■ ABOUT THIS EXERCISE:
Start at the line in the entries below that contains "Building Photo - 535 W Surf St", stop at the line that contains "Altra Superior 6", and output exactly the lines in that span, both ends included.

■ SUPPLIED ENTRIES:
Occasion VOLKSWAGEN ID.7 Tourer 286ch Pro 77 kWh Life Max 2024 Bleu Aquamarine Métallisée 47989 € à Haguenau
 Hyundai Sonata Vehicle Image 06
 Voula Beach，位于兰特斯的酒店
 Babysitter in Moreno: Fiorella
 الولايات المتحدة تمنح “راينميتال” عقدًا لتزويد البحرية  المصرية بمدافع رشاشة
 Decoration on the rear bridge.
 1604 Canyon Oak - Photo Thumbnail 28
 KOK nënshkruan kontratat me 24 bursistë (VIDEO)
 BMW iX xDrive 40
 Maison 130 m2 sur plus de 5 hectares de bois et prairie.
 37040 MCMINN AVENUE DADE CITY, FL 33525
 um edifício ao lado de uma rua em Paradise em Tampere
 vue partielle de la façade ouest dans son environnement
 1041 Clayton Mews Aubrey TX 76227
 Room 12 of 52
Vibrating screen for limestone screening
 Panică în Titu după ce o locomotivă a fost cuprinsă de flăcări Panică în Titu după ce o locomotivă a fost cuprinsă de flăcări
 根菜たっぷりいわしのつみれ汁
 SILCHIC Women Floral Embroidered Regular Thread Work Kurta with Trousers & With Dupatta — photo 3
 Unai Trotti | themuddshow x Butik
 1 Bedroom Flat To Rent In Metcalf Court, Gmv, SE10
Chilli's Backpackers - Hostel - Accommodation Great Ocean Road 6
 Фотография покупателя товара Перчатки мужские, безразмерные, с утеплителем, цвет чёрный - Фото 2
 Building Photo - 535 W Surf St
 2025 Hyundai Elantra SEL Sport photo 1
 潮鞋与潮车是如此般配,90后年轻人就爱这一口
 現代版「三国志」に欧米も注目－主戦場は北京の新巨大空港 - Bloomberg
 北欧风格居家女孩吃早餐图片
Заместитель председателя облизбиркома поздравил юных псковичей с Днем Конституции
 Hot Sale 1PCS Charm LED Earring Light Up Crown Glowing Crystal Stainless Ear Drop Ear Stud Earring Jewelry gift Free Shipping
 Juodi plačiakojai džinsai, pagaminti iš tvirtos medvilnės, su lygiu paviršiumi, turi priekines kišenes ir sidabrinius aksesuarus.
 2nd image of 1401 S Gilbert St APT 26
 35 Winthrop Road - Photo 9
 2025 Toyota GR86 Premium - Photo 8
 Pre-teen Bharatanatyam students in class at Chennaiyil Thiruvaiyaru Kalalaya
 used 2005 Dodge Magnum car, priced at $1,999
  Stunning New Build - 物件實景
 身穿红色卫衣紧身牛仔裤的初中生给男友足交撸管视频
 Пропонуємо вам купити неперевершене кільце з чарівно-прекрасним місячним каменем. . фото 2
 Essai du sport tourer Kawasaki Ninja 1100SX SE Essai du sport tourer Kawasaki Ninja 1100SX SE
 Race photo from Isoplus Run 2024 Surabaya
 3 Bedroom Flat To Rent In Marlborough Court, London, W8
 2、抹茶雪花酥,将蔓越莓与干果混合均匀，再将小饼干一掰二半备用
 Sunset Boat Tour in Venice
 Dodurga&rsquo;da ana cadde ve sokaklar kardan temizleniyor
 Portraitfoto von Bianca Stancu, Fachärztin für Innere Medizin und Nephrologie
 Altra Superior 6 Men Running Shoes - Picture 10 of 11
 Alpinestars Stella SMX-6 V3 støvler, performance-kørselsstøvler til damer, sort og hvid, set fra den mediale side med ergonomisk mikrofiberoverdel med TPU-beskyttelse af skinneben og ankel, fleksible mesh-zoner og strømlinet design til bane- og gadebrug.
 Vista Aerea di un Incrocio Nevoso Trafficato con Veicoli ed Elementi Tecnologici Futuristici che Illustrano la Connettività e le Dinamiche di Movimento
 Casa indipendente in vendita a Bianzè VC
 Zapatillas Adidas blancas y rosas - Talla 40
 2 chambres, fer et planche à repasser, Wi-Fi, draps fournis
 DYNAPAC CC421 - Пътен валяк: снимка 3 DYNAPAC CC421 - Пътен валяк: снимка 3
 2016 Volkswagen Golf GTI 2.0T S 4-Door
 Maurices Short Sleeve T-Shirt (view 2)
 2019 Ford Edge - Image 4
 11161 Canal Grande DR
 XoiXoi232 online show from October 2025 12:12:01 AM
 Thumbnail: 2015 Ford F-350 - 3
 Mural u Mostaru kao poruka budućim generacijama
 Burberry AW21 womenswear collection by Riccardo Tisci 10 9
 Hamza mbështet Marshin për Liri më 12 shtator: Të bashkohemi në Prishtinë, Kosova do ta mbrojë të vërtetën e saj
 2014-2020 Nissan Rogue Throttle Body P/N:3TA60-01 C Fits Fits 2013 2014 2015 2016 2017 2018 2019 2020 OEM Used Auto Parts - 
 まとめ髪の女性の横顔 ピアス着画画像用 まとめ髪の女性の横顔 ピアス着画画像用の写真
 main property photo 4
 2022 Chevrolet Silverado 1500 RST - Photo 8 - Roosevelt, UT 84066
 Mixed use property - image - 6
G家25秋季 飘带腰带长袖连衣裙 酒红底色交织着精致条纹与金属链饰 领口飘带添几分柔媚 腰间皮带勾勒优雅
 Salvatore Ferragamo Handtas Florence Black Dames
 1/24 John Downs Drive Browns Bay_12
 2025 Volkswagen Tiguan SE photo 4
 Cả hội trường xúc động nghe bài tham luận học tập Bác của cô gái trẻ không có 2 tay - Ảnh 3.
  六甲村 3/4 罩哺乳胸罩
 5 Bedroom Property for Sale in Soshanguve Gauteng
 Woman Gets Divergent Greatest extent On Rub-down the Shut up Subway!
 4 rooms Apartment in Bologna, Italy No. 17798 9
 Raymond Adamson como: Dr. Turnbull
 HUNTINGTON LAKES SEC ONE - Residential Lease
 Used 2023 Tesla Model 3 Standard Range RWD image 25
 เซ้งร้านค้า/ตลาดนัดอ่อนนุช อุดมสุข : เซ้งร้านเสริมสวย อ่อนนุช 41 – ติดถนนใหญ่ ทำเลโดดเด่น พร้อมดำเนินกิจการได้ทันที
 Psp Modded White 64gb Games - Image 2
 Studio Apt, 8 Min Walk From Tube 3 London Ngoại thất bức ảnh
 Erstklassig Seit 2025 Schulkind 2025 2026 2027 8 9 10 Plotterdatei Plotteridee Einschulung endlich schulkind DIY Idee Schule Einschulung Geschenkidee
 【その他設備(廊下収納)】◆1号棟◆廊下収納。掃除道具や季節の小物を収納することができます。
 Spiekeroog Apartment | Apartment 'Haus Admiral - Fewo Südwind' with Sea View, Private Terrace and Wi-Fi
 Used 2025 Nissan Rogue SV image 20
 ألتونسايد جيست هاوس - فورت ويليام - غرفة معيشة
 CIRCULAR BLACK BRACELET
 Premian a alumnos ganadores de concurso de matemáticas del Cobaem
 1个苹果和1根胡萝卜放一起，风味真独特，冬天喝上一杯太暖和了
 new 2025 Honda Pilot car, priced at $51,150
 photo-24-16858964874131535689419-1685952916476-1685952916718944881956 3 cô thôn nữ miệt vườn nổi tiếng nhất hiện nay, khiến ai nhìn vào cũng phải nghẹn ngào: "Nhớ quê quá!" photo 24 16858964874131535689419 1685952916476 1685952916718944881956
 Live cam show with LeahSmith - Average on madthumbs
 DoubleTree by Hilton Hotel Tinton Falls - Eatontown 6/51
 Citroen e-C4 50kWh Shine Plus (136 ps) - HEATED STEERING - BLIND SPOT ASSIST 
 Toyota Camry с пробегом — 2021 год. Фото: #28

■ SOLUTION TO THE PROBLEM:
 Building Photo - 535 W Surf St
 2025 Hyundai Elantra SEL Sport photo 1
 潮鞋与潮车是如此般配,90后年轻人就爱这一口
 現代版「三国志」に欧米も注目－主戦場は北京の新巨大空港 - Bloomberg
 北欧风格居家女孩吃早餐图片
Заместитель председателя облизбиркома поздравил юных псковичей с Днем Конституции
 Hot Sale 1PCS Charm LED Earring Light Up Crown Glowing Crystal Stainless Ear Drop Ear Stud Earring Jewelry gift Free Shipping
 Juodi plačiakojai džinsai, pagaminti iš tvirtos medvilnės, su lygiu paviršiumi, turi priekines kišenes ir sidabrinius aksesuarus.
 2nd image of 1401 S Gilbert St APT 26
 35 Winthrop Road - Photo 9
 2025 Toyota GR86 Premium - Photo 8
 Pre-teen Bharatanatyam students in class at Chennaiyil Thiruvaiyaru Kalalaya
 used 2005 Dodge Magnum car, priced at $1,999
  Stunning New Build - 物件實景
 身穿红色卫衣紧身牛仔裤的初中生给男友足交撸管视频
 Пропонуємо вам купити неперевершене кільце з чарівно-прекрасним місячним каменем. . фото 2
 Essai du sport tourer Kawasaki Ninja 1100SX SE Essai du sport tourer Kawasaki Ninja 1100SX SE
 Race photo from Isoplus Run 2024 Surabaya
 3 Bedroom Flat To Rent In Marlborough Court, London, W8
 2、抹茶雪花酥,将蔓越莓与干果混合均匀，再将小饼干一掰二半备用
 Sunset Boat Tour in Venice
 Dodurga&rsquo;da ana cadde ve sokaklar kardan temizleniyor
 Portraitfoto von Bianca Stancu, Fachärztin für Innere Medizin und Nephrologie
 Altra Superior 6 Men Running Shoes - Picture 10 of 11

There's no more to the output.